El arbitrio arrastra además un debate técnico que viene de lejos y que ha llegado incluso a publicaciones de la propia administración tributaria canaria. La crítica apunta a una indebida amplitud del objeto material del arbitrio en determinados epígrafes, con ejemplos como el gravamen a la importación de toda la cerveza o de todo tipo de ropa de cama y de cocina, categorías donde la producción local no cubre realmente el mercado. La conclusión de esos análisis es que esos supuestos deberían depurarse progresivamente.
Hay un último factor que conviene tener presente: el AIEM está sometido a autorización y revisión europeas, de modo que la lista de productos afectados y el propio marco que lo habilita evolucionan con el tiempo. Cualquier industria de Canarias que base parte de su ventaja competitiva en esta protección tiene que seguir esa evolución de cerca.
El balance honesto, entonces, es doble. En consumo básico, el residente en Canarias paga claramente menos impuesto indirecto que un peninsular. En determinados bienes importados, paga una capa fiscal que en la Península no existe.
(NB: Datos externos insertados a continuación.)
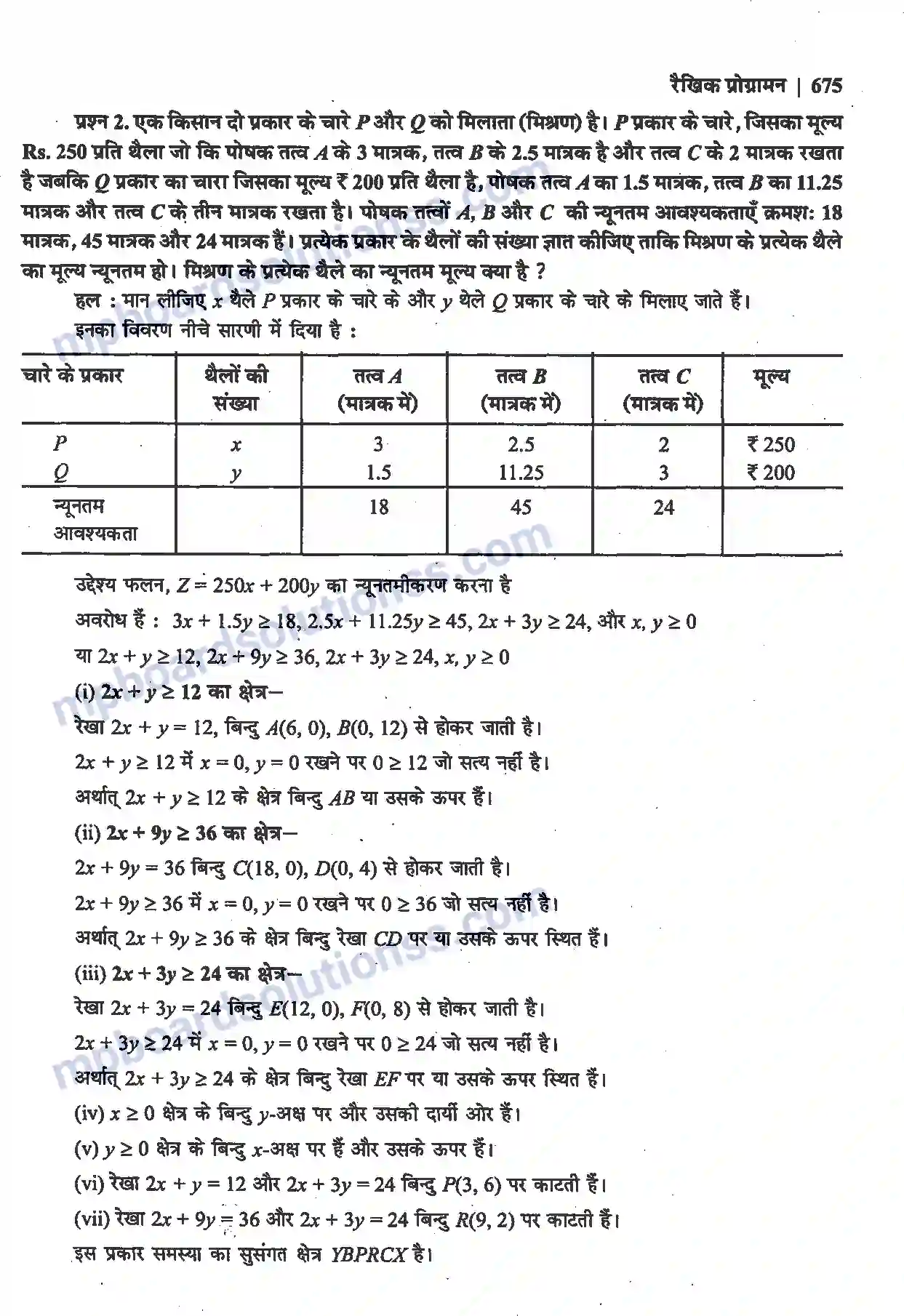 MP Board Book for Class 12 Maths रैखिक प्रोग्रामन Image 31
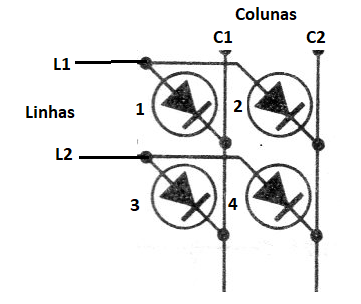 Figura 1 – Matriz 2 x 2
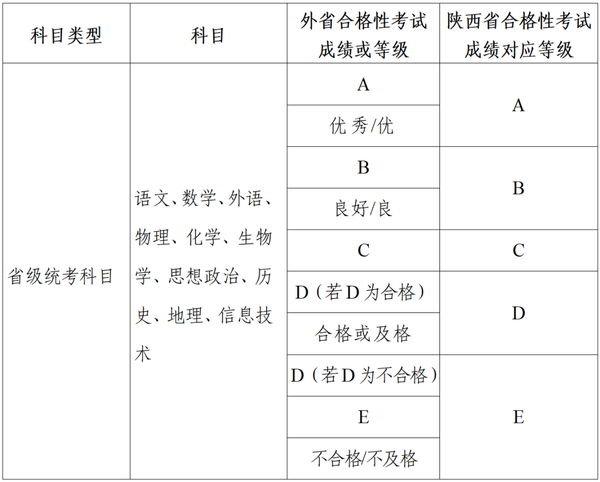 关于做好2026年陕西省普通高中学业水平合格性考试考籍管理工作的通知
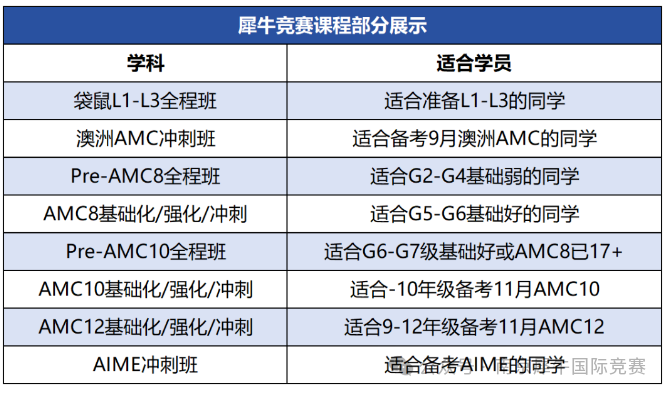 AMC数学竞赛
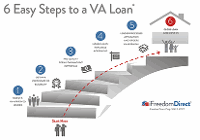 6 Easy Steps To A Va Loan Va Loan Process Va Loan Va Mortgages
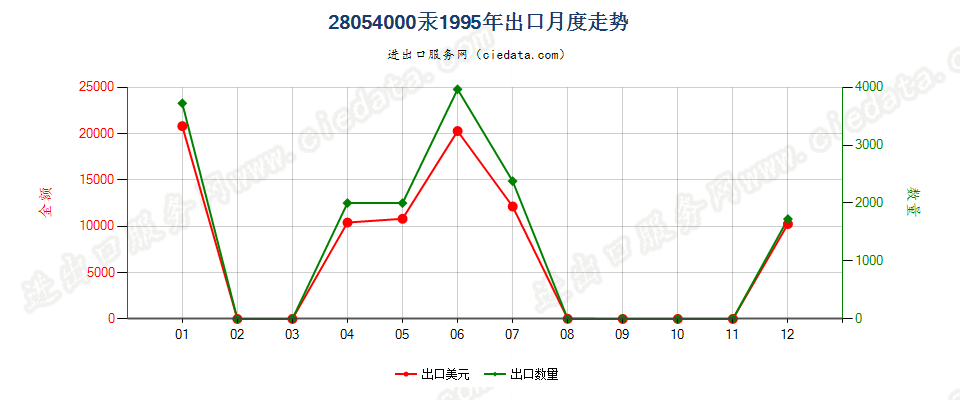 28054000汞出口1995年月度走势图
Y a ninguno de los dos lados de la balanza se le puede atribuir en solitario la diferencia de precios, porque el coste del transporte y la insularidad operan por encima de todo el sistema. Sobre esa base se construye después el andamiaje empresarial del REF, con la ZEC al 4% en Sociedades, la RIC y la deducción por inversiones, que es otra conversación y afecta a otro público.